It is fitting to use creation to show that God creates out of love and understanding. That God creates out of love, or for the good of another, is shown in God creating beauty in the universe and creating Man to be able to appreciate the beauty. This must surely be good as the appreciation of beauty leads to joy, which is undeniably beneficial to the created being. Also, God created Man with the ability to love, and when that ability is exercised by many, happiness amongst Man results. This happiness is undeniably beneficial to the created being. Therefore, it is shown that God creates out of love.
In itself, the design of the universe displays considerable amount of understanding on the part of the creator, from how the food chain is so intricately designed from plant to predator, to how freshwater naturally replenishes itself through rain, and even to how gravity serves its function. Therefore, it is shown that God creates out of understanding.
This author argues that Man always creates out of love, which can be directed to someone else, something else, or himself. This may be illustrated in the following three scenarios: a husband building a house to benefit his wife, a pet owner building a kennel to benefit his dog, or an architect building a complex in return for a fee (benefiting himself in the process). Man always creates out of love, whereas animals are not capable of love as shown in Part IV and thus cannot possibly create out of love.

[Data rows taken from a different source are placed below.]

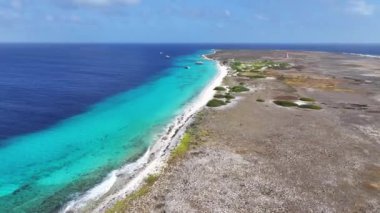 Klein Curacao Plajı, Hollanda, Willemstad Curacao. Plaj manzarası. Karayip Adası. Hollanda 'daki Willemstad Curacao. Deniz Burnu Açık Hava. Doğa Turizmi.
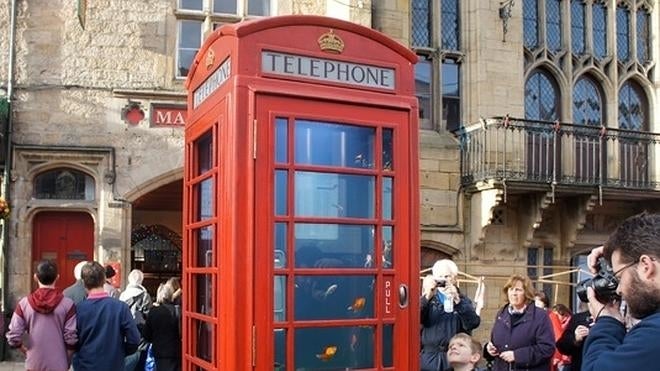 Las cabinas telefónicas convertidas en peceras decoran las calles europeas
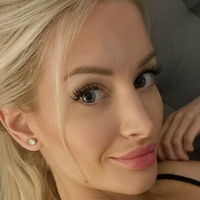 Lucia Klein Desnuda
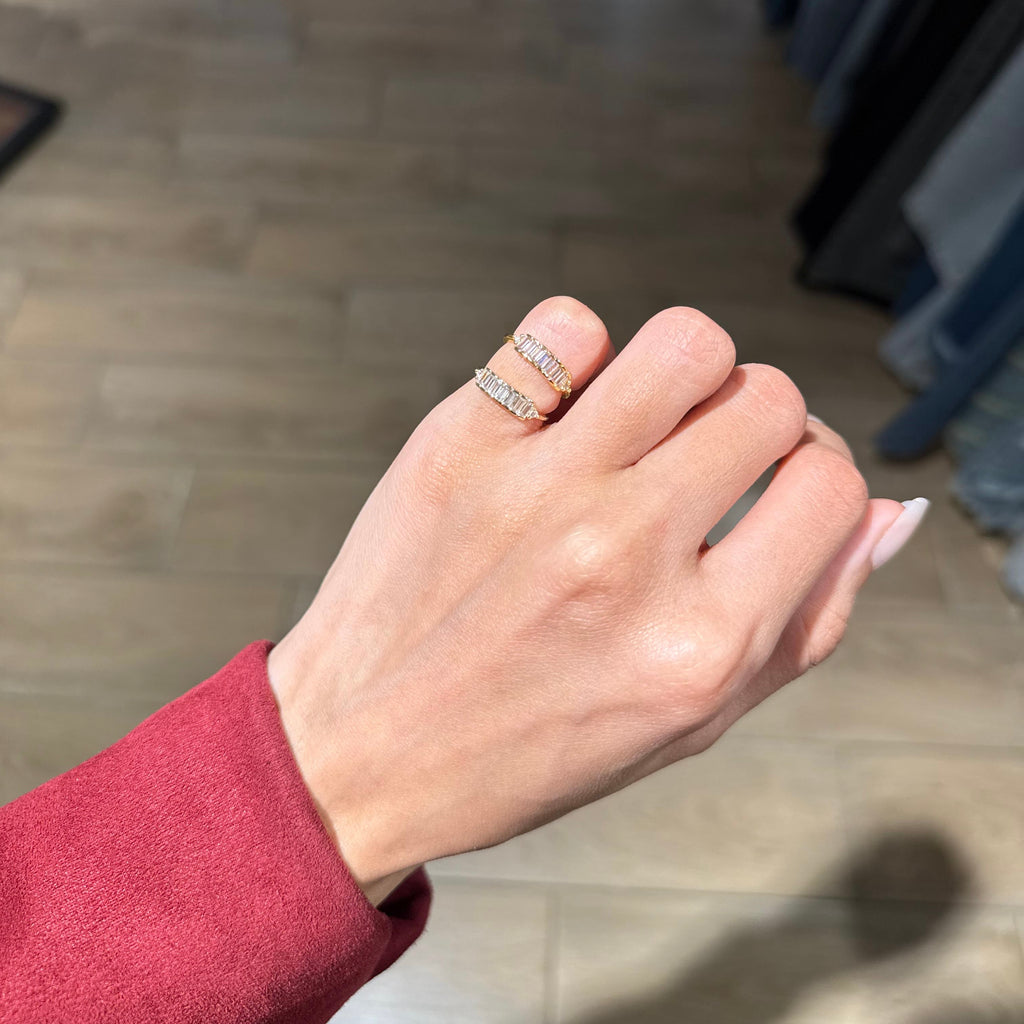 Minimal shine pinky ring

It may be argued that as Man may create out of love for self, God may have created the universe out of love for Himself. However, this cannot be so as God is perfectly happy and therefore has no need to create in order to make Himself happier. Man on the other hand can never be perfectly happy, and thus creates in the search for perfect happiness.

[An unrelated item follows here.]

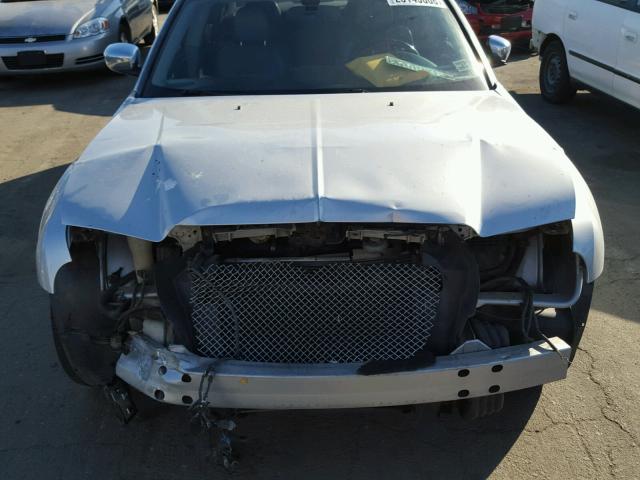 2C3LA63H46H254656 - 2006 CHRYSLER 300C SILVER photo 9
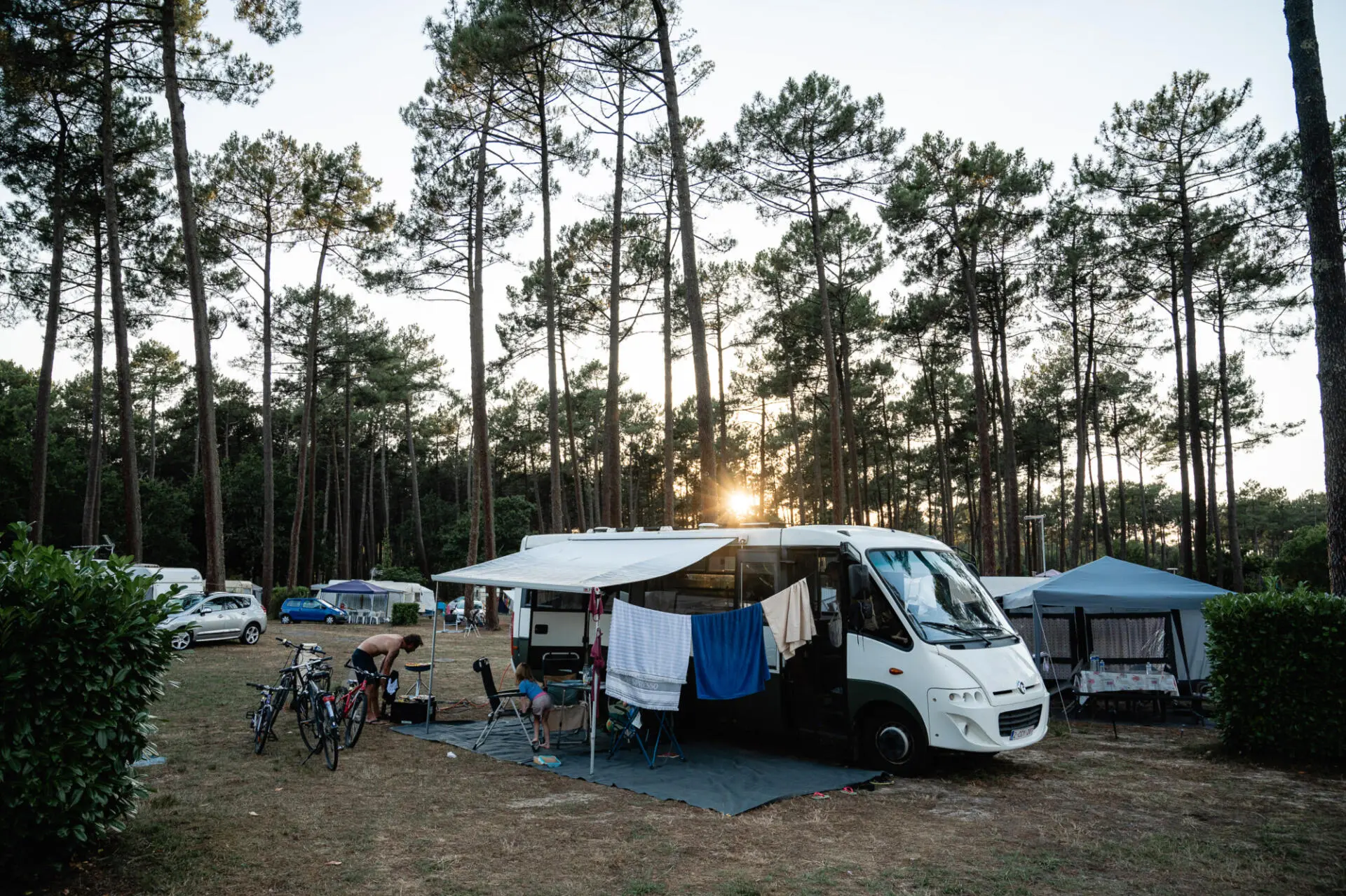 Emplacement camping-car au camping Le Tatiou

Out of Man’s superior understanding, he necessarily creates out of understanding, regardless of how simple or complex his creation is. Anecdotes of creation out of understanding may be seen in buildings all around, the aeroplanes that fly in sky, or the cars that drive on the roads. It may be said that Man does not necessarily create out of understanding. However, this author points out that the level of complexity of his creation is divorced from the fact that he creates out of understanding. Instead, the complexity of his creation is largely dependent on the intended use for the creation. Although it may be argued that the more intelligent animals like monkeys create things such as stripped-down twigs used for fishing termites out of termite mounts, these hardly count as creations made out of understanding as compared to the level of understanding Man shows in his creations.
This very quality of Man that he creates out of love and understanding just as God does sets him far above all other creation and in this aspect is fittingly called Imago Dei.
VII.That God and Man Have Dominion
This author defines dominance to be the power to govern over other beings.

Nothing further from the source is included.